Senate Bill 528 was filed for review on Feb. 6. If enacted, it will bar the Justice Department from granting inmates serving time for sexual offenses an early release.
According to Florida law, gain-time is the reduction of an inmate’s sentence for good behavior (depending on their edibility). The goal of so-called gain-time is to encourage prisoners to behave better and participate in their work and educational programs.
Senator Tracie Davis, D-Jacksonville, is the bill’s sponsor. Davis explained her inspiration for SB5 28 and the impact the bill will have if it becomes a law.

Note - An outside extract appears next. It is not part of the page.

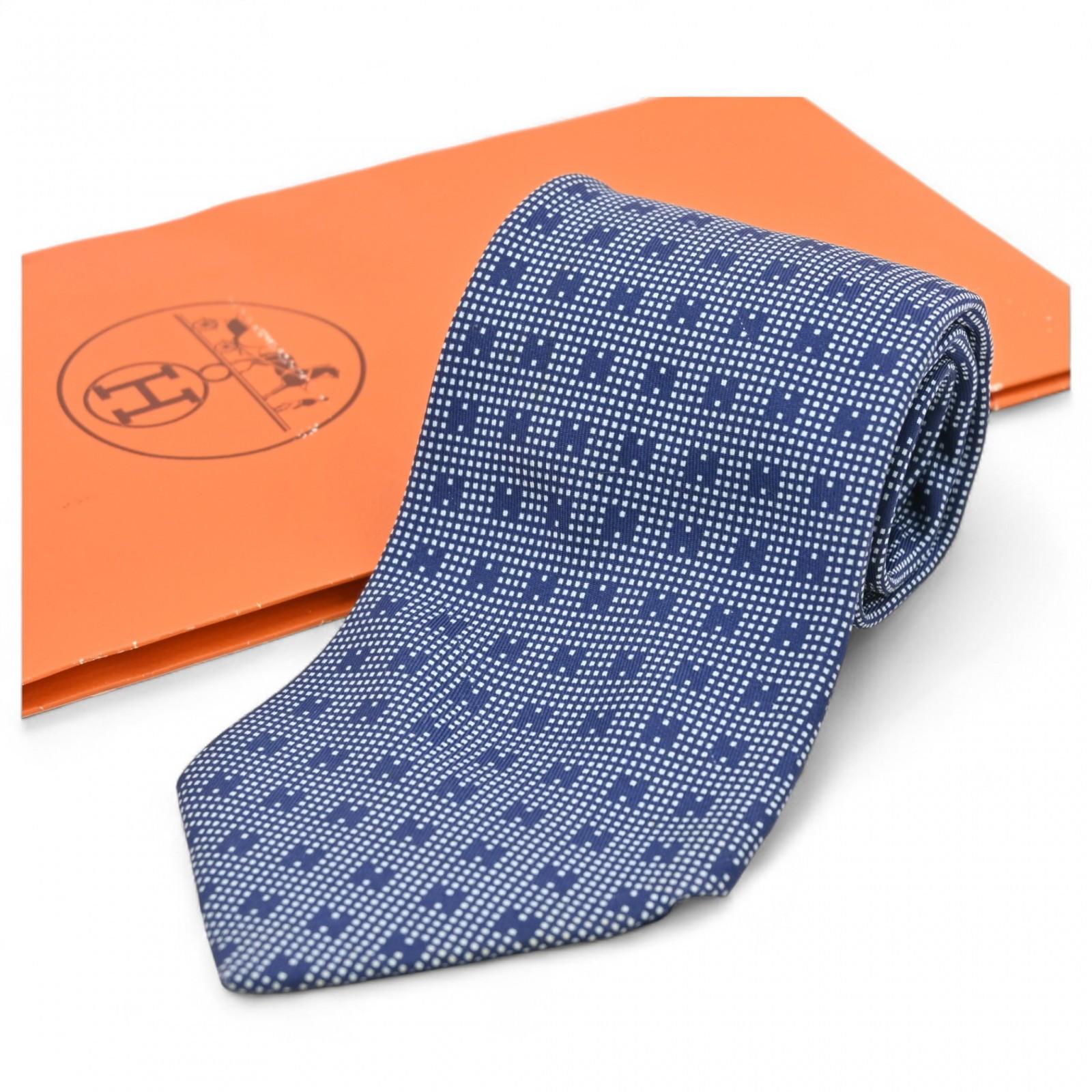

Auth HERMES Fasone H Weave Tie Navy Silk he6803ju Used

“Closing the loopholes of these plea deals in these sexual assault cases would mean everything to me,” she said. “Those people who have done harm to someone in such a foul way will pay for it. We are in an atmosphere, where women and men are feeling more comfortable with speaking up and speaking out about sexual assaults, but we also have to realize that this is something that will be a benefit for our children and a lot of these cases or fled out and predators are given eligibility for parole.”
“With passing this law, that eligibility is removed, and we have created a law makes sure that predator pays for what they have done,” Davis added.
Davis has helped construct and enact other sexual assault-related legislation such as Donna’s Law, which removed the statute of limitation on sexual battery offenses so victims can press charges on crimes regardless of the time frame.
Democrat representative David Silvers assisted Davis with construction of the House companion bill of SB 528 prior to the bill’s transition into a Senate bill. The bill was reviewed by the Criminal Justice Subcommittee during the first week of February. Davis explained her strategy of partnering with a Republican when constructing legislation to increase the bill’s chances of maneuvering through the law making process.
Hayley Giannuzzi, vice president of the FAMU chapter of Women Against Rape (WAR), said she supports the bill, and described it as a step in the right direction for the “freedoms of women.”
“It sends the message that although there have been other laws passed that are attacking the freedoms of women, there is still a level of respect and consideration towards survivors of sexual offenses,” Giannuzzi said.
SB 528 could increase the likelihood of survivors reporting sexual offenses to the authorities in Florida.
“By barring inmates of sexual offenses from shortening their sentences it will continue to encourage survivors to speak out and get closure and justice for themselves,” Giannuzzi said.
Latrecha Scott, director of FAMU’s Equal Opportunity programs, could not be reached for a comment on the bill’s potential impact on the sexual assault culture on campus.